Pictures excluded, output the lines of the data below between the one holding "Santa Cruz Highball" and the one holding "Palmistry Drawing Clip", inclusive, exactly as they stand.

(INPUT MATERIAL)
------------------------------

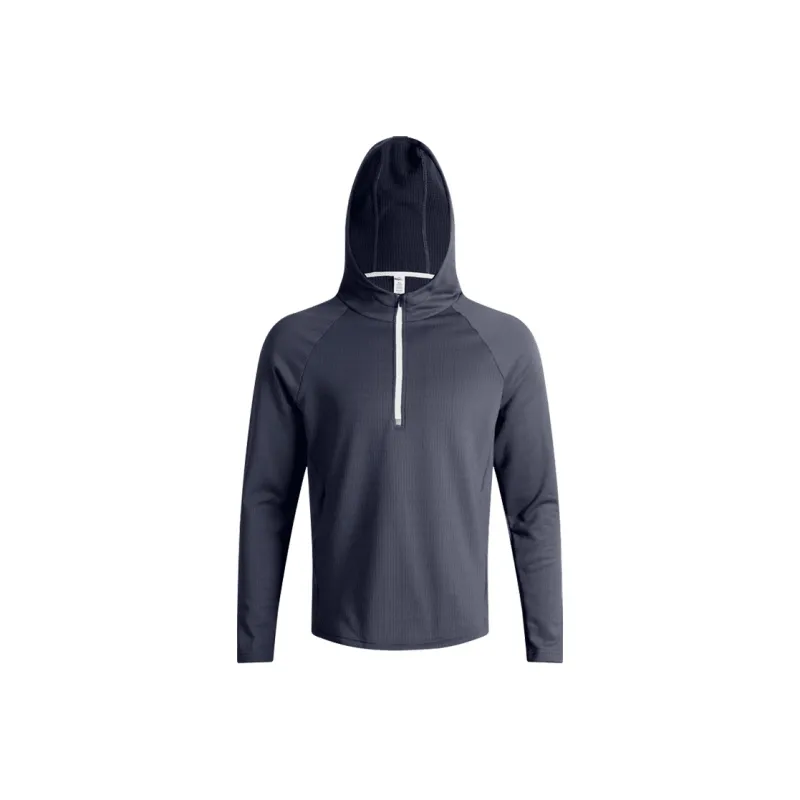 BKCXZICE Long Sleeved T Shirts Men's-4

------------------------------

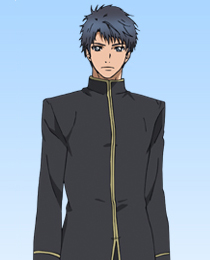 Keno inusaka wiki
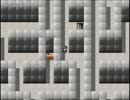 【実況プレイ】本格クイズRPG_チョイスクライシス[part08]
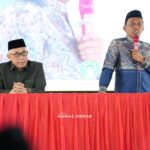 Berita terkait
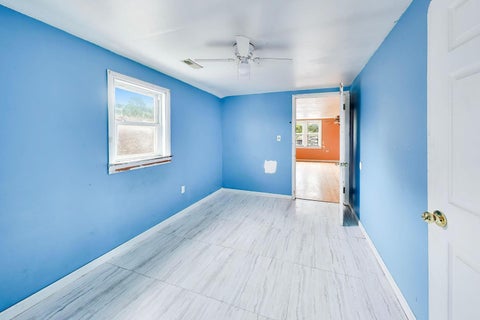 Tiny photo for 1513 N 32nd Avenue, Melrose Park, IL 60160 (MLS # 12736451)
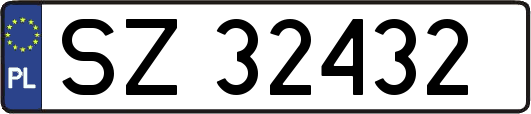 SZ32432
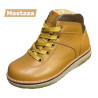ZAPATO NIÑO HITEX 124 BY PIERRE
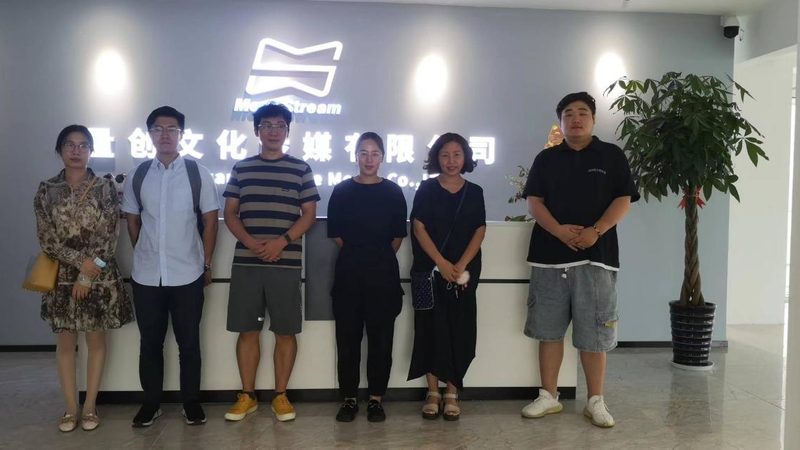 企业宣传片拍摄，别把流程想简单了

------------------------------

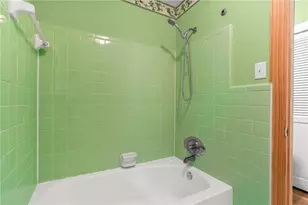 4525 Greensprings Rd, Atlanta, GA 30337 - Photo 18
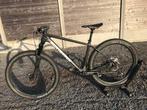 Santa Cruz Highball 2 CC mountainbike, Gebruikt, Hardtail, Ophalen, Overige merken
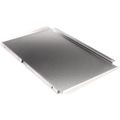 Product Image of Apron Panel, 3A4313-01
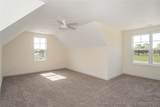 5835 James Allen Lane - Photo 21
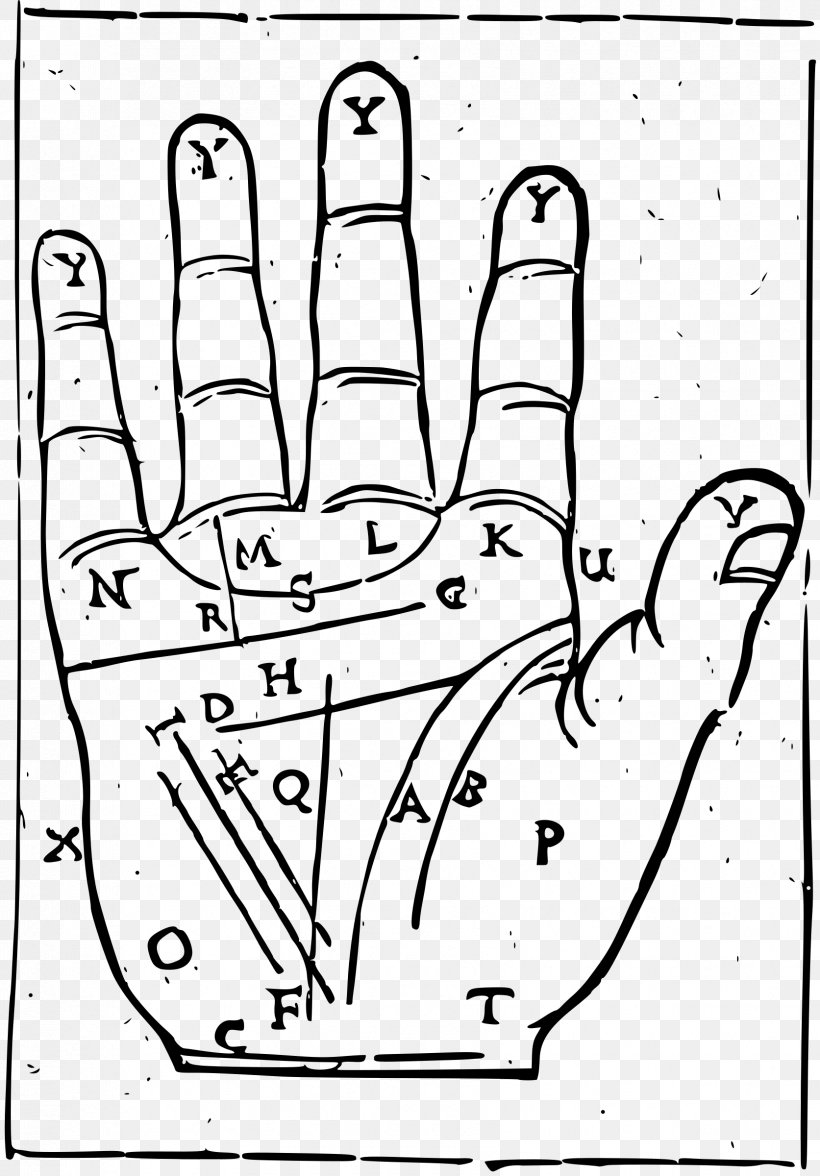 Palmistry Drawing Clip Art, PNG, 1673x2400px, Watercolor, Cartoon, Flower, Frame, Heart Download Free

------------------------------

(SOLUTION)
 Santa Cruz Highball 2 CC mountainbike, Gebruikt, Hardtail, Ophalen, Overige merken
 Product Image of Apron Panel, 3A4313-01
 5835 James Allen Lane - Photo 21
 Palmistry Drawing Clip Art, PNG, 1673x2400px, Watercolor, Cartoon, Flower, Frame, Heart Download Free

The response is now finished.